12. Additional Constructions
[0261] In the foregoing disclosure, the preferred constructions of
the aforementioned first, fixed anchor and the aforementioned
second, sliding anchor comprise so-called T-bar anchors. However,
as an alternative to T-bar anchors, a screw-in anchor, providing
for central routing of the spanning suture, could be employed as a
general substitute for one or both of the aforementioned first,
fixed anchor and the aforementioned second, sliding anchors.
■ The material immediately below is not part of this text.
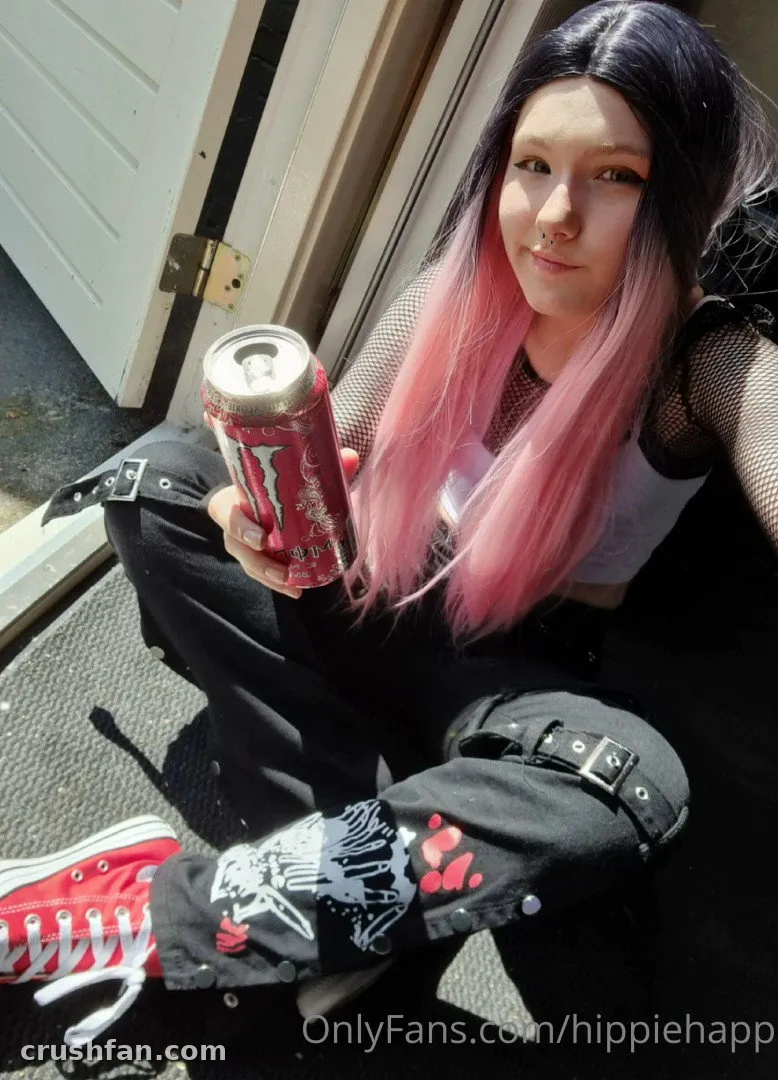 Happy assise sur des marches en extérieur tenant une canette rouge, portant un pantalon noir et des baskets rouges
[0262] By way of example but not limitation, in one preferred form
of the invention, a suture-locking anchor (preferably formed out of
stainless steel or titanium) comprises a proximal component and a
distal component, with the proximal component and the distal
component being threaded together so as to effect locking onto the
spanning suture. In this form of the invention, the proximal
component and the distal component both possess a central hole for
passing the spanning suture, and one or both of the proximal
component and the distal component may have tines or other features
to permanently lock onto the spanning suture when the
aforementioned threads are fully engaged.
Modifications
[0263] The foregoing is considered to be only illustrative of the
principles of the present invention. Since numerous modifications
and changes will readily occur to those skilled in the art, the
present invention is not limited to the exact constructions and
operation shown and described above. While the preferred embodiment
has been described, the details may be changed without departing
from the spirit and scope of the present invention.